Дверь кабинета Беляева оказалась приоткрыта. Изнутри доносился мерный, властный голос. Я узнал его сразу. Энгельгардт.

Я остановился на пороге, перевел дыхание, привел в порядок мундир и постучал.

— Войдите! — раздался короткий приказ.

За массивным дубовым столом сидел не Беляев, а полковник Энгельгардт, высокий, седой, с орденскими планками на груди и суровым, изборожденным морщинами лицом. Беляев стоял сбоку, у окна, с бледным, осунувшимся лицом и потухшим взглядом.

Рядом с полковником, у стола, расположился Струве.

— Капитан Воронцов, — Энгельгардт поднялся, когда я вошел. — Наконец-то. Садитесь.

Я сел на предложенный стул. Полковник обошел стол, остановился передо мной, заложив руки за спину.

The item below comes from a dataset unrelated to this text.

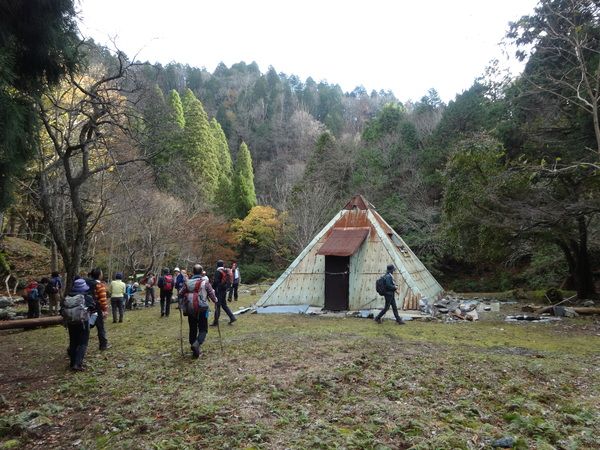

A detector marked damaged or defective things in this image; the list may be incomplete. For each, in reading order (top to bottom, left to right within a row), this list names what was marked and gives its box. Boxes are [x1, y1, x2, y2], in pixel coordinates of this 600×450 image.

rusty corrugated roof [316, 229, 368, 256]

— Итак, капитан, — начал он тоном человека, привыкшего получать ответы немедленно, — объясните мне, что здесь произошло. Я покидаю госпиталь две недели назад. Все в порядке, эксперимент идет успешно, больные выздоравливают. Возвращаюсь, а тут вспышка госпитальной лихорадки, восемь трупов, два десятка зараженных. Что случилось?

Я бросил взгляд на Беляева. Главный лекарь стоял неподвижно, опустив голову.

— Господин полковник, — начал я, — дело в том, что система вентиляции оказалась демонтирована…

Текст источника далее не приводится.